Documentation driven tests for UI development
At jtendo we strive for reusable and reliable solutions when it comes to frontend development. With these two key ideas in mind we came up with our own UI “blocks” library.
In this article, I would like to present how we handle two tasks that are not very popular among developers but crucial for UI creation – maintaining proper component documentation and a test base. You will see how both of these tasks may support each other.
As an appetizer, let’s talk about technology stack. In most cases our frontend products are created/built using React, a framework that is great for our clients and us developers.
Tests are based on React Testing Library and run by Jest. We agree that React Testing Library is the best solution as stated on its website:
“The more your tests resemble the way your software is used, the more confidence they can give you.”
It means we do not have to worry about component implementation affecting our test cases.
When choosing documentation tools, our main goals were reliability, usage examples and a proper description of thecomponent API, ideally with graphical and interactive UI. All these requirements were met with Storybook.
Storybook is a great tool for UI development that generates component-based documentation, where multiple use cases and variants (so called stories) can be presented in an interactive way.
The Storybook approach of presenting components goes hand in hand with atomic UI design and results in improved overall code architecture. For example, it indicates too much complexity in state management or too much responsibility given to a single UI component. In addition, Storybook infers metadata values based on source code, types and JSDoc comments, resulting in fewer zombies or misleading comments compared to typical comment-based documentation.

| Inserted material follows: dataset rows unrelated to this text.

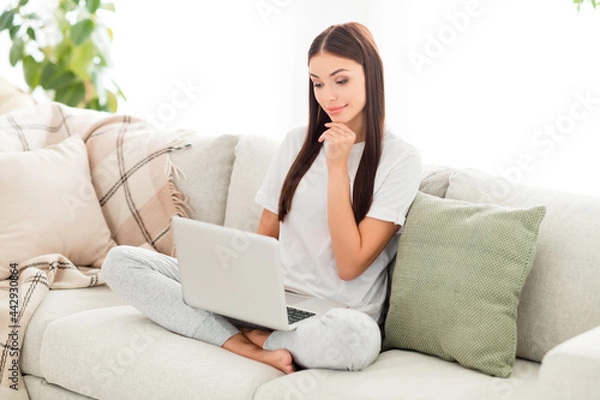 Obraz Photo of clever minded lady look pc screen finger chin think solution wear white t-shirt sit sofa in room indoors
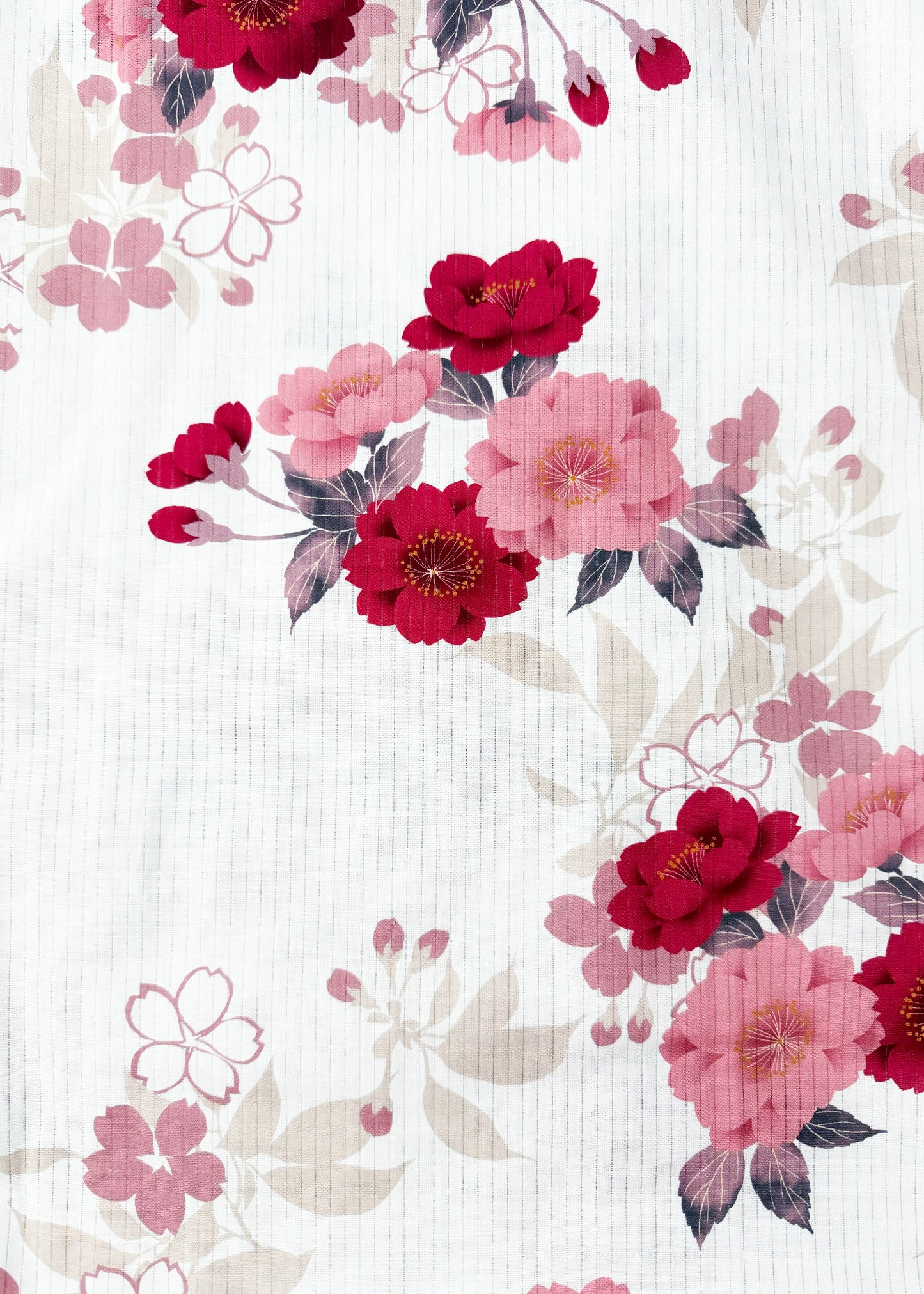 Japanese Traditional Yukata Kimono Plus Size - Red Cherry Blossom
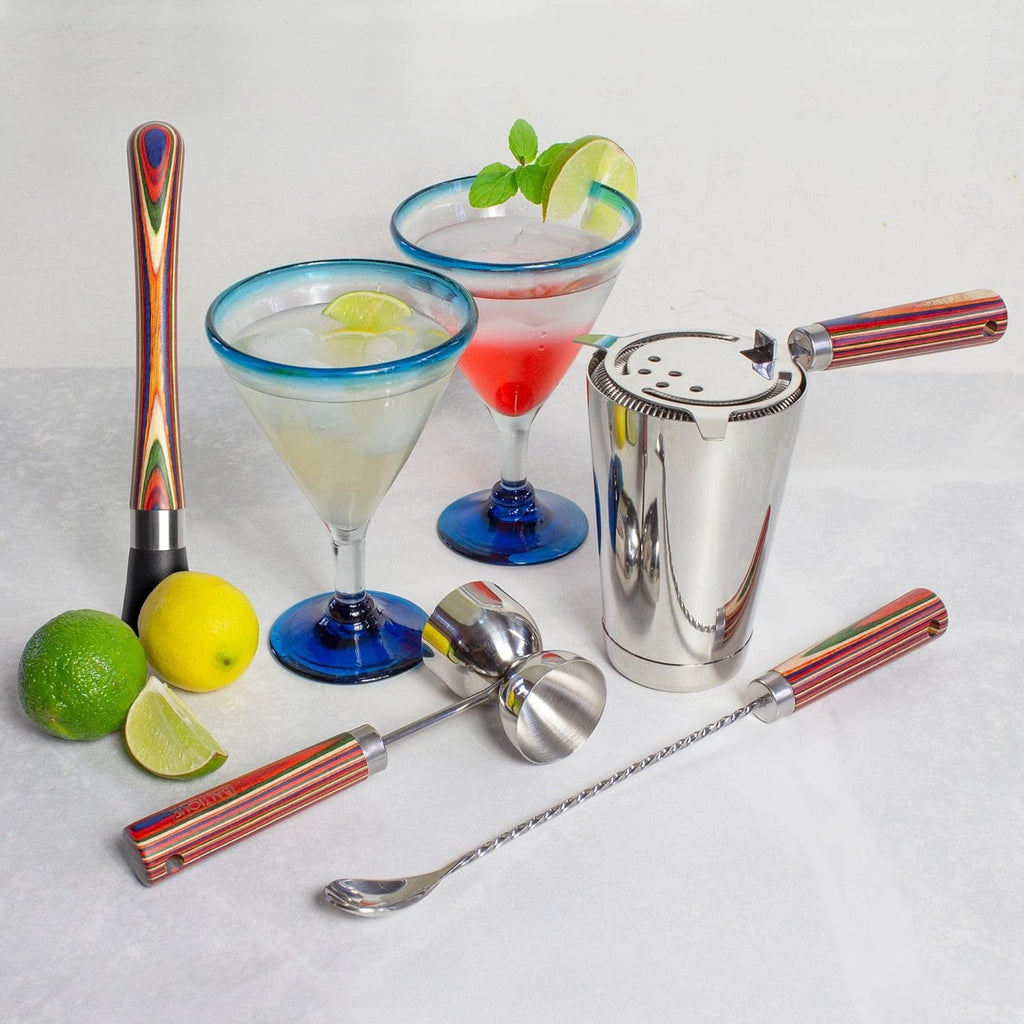 Totally Bamboo Baltique Marrakesh 4 Piece Bartender Kit, Bartending Gift Set with Essential Bar Accessory Tools, Includes Muddler, Double Sided Jigger, Hawthorne Cocktail Strainer and Bar Spoon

We decided to work with the two tools independently, so it was even cooler when we found that stories created for documentation can be reused as test cases for our tests! Storybook’s approach of presenting multiple component variants resulted in a better understanding of what actually should be tested from a business perspective. This combined with coverage reports makes testing a way better experience for developer.
Using both tools results in faster analysis of UI component use cases and gives us an excellent reason to prepare documentation, which now is an input for our unit tests.
Quality assurance, testing, documenting and maintaining a library is a huge topic to cover in one article, but hopefully our brief presentation of our experience at jtendo will inspire you to dig further into the topic.